This latter, who was a big strong man, and a sort of bully among his mates, shook his fist at Gaff, and said—

“Now, I’ll tell ye wot it is, Mister Toogood, if you go for to tell the cap’n wot we’ve bin a-talkin’ about, I’ll knock yer two daylights into one, so see that ye keep yer tongue in order.”

“What’s past is past,” said Gaff quietly; “but I tell ye plainly, that if you let your tongues go the same pace again in my hearin’, I’ll go aft and report ye. I’ll be no spy, but I give ye fair warnin’.”

At this the bully lost command of himself. Seizing an iron bar that lay on a chest close by, he rushed at Gaff with the evident intention of felling him. But the latter was on his guard. He was active and powerful too, besides being quite cool. Leaping nimbly aside, he avoided the bully’s onset, and at the same moment laid him flat on the deck with one blow of his fist.

“Sarves him right!”

“So it does!” exclaimed several of the men, who were not sorry to see one whom they disliked so roughly handled.
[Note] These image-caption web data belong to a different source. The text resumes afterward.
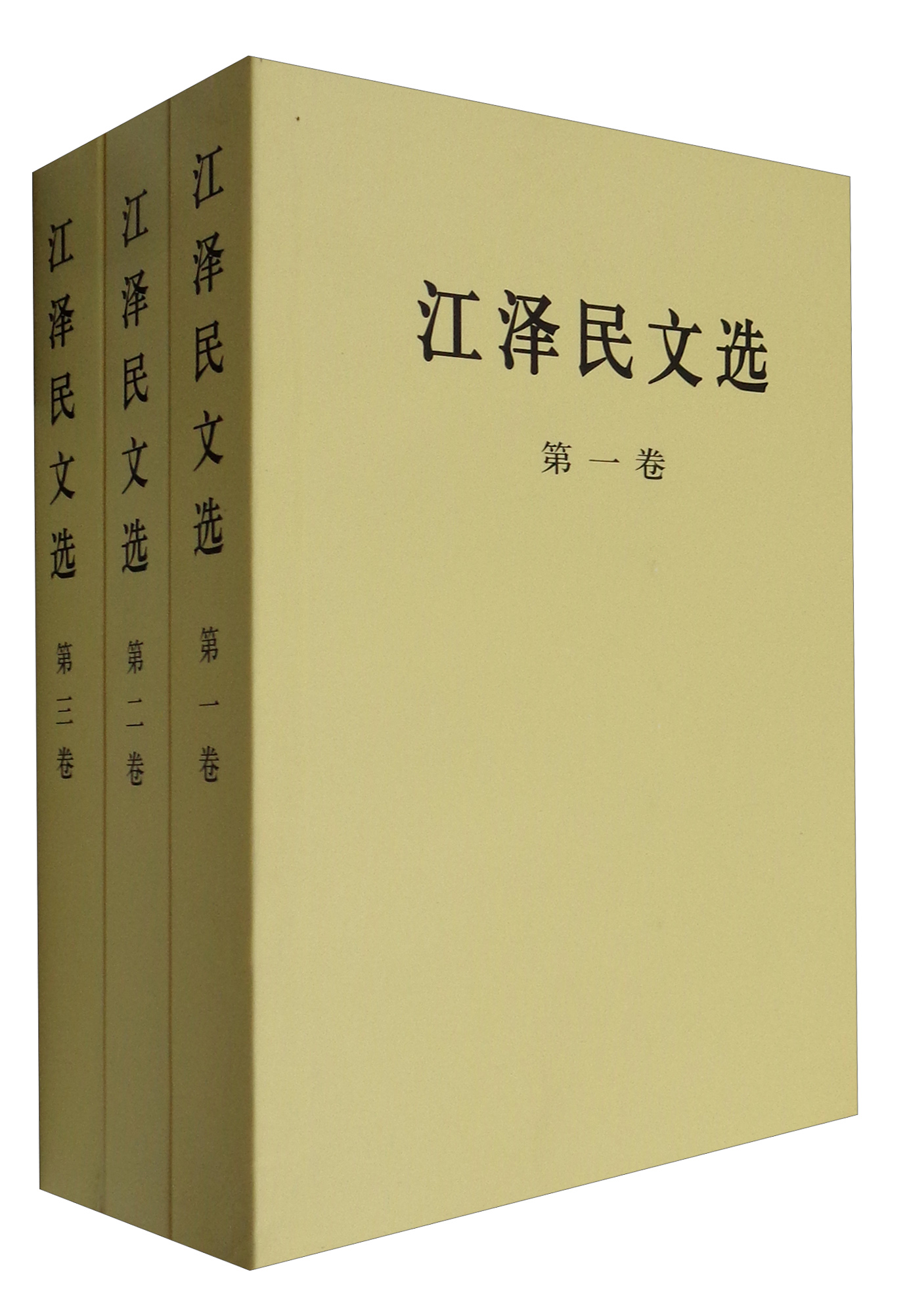 江泽民文选（普及本 套装1-3卷）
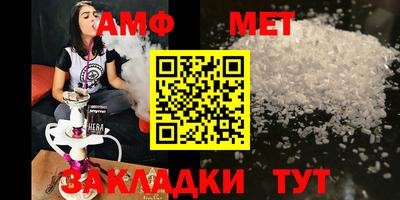 метадон Новокубанск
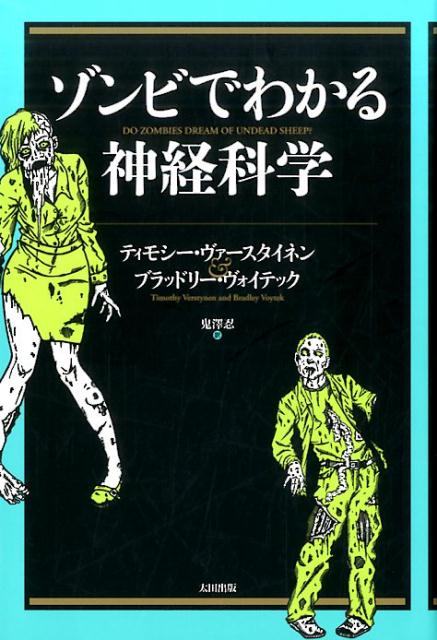 【中古】ゾンビでわかる神経科学 /太田出版/ティモシ-・ヴァ-スタイネン（単行本）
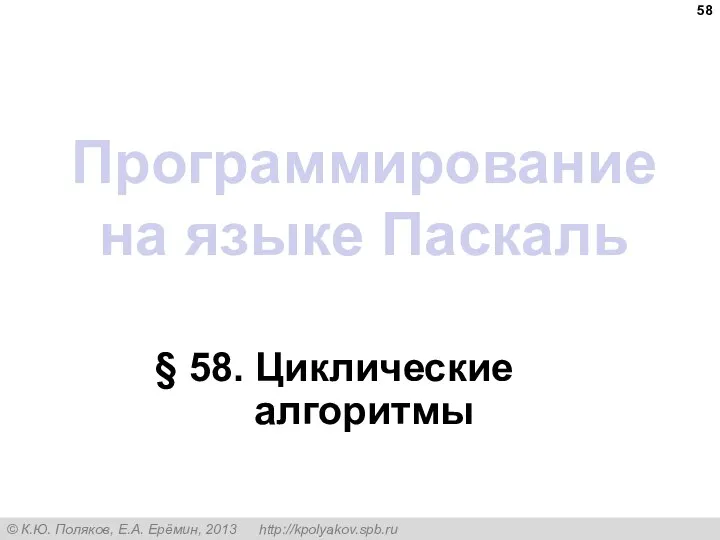 Программирование на языке Паскаль § 58. Циклические алгоритмы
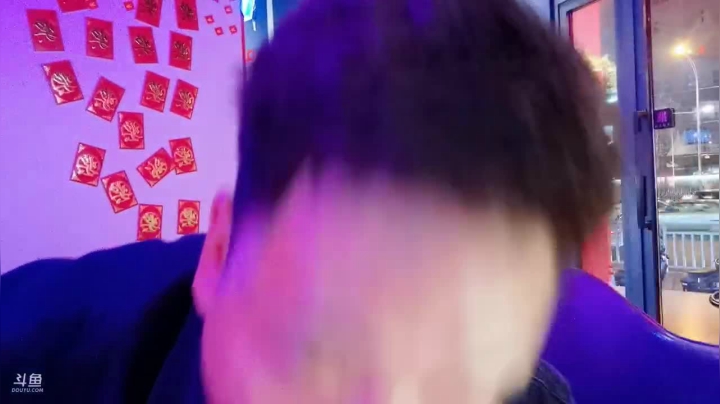 【双倍亲密度】郑州 2020-09-25 23点场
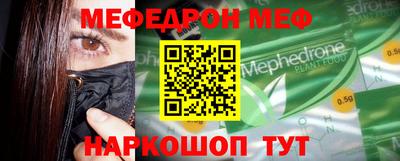 гашик Малоярославец
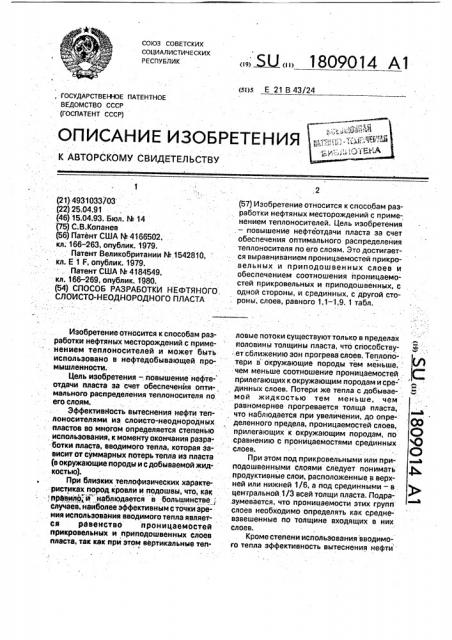 Способ разработки нефтяного слоисто-неоднородного пласта (патент 1809014)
“Well, so it does sarve him right,” added one who had been a prominent speaker in the recent debates; “but hark’ee, friend,” he said, turning to Gaff with a scowl, “you can’t knock the whole crew down in that fashion. I advise ye, for your own sake, to mind what ye’re about.”

“I means to do so,” said Gaff; “I’ll stick to my dooty and to the cap’n.”

“Very good,” replied the other with a sneer, “then wotiver is the cap’n’s fate you’ll have the pleasure of sharin’ it with him.”

“Tumble up there! tumble up, an’ reef tops’ls!” roared the captain down the hatch at that moment.